We also evaluated the learnt latent representations using several integration metrics divided into two categories, batch integration and bioconservation18. In addition to the three VAE models, we compared the embedding techniques of three widely used methods (Supplementary Table 1): latent semantic indexing (LSI; Signac3 and ArchR5); latent Dirichlet allocation (cisTopic8) and SCALE10, a deep generative model. While binary methods performed reasonably well across the datasets, there was no apparent benefit in utilizing binarized data (Extended Data Figs. 3, 4a and 58). cisTopic, Signac and SCALE are not explicitly designed for batch correction and may consequently exhibit lower scores in batch correction metrics (Supplementary Table 1). Batch correction can matter, as demonstrated by the successful integration of the Kenyon cell subtype (KC-g) in the Fly dataset (Extended Data Fig. 7) achieved by Poisson VAE, Binary VAE and PeakVI, which explicitly account for batch effects. Nevertheless, our observation that binarization offered no clear benefit remained consistent across different weightings of bioconservation and batch correction metrics (Extended Data Fig. 4b).
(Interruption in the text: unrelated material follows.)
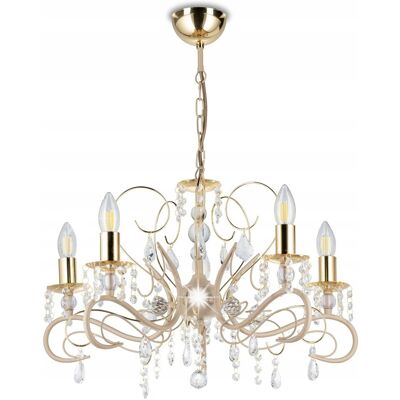 Inny producent Żyrandol Kayen Beżowy Złoty 5xE14 57 cm Kryształki do Salonu Taupe Inny producent Żyrandol Kayen Beżowy Złoty 5xE14 57 cm Kryształki do Salonu Taupe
Beyond the lack of advantage in using binarized data, preserving quantitative information can enhance cell representation. For instance, Poisson VAE better recovered the rare cell type ID2-hi myeloid progenitors in the NeurIPS dataset (Supplementary Table 1), as indicated by the improved isolated label F1 score (Fig. 2b and Extended Data Figs. 3 and 5).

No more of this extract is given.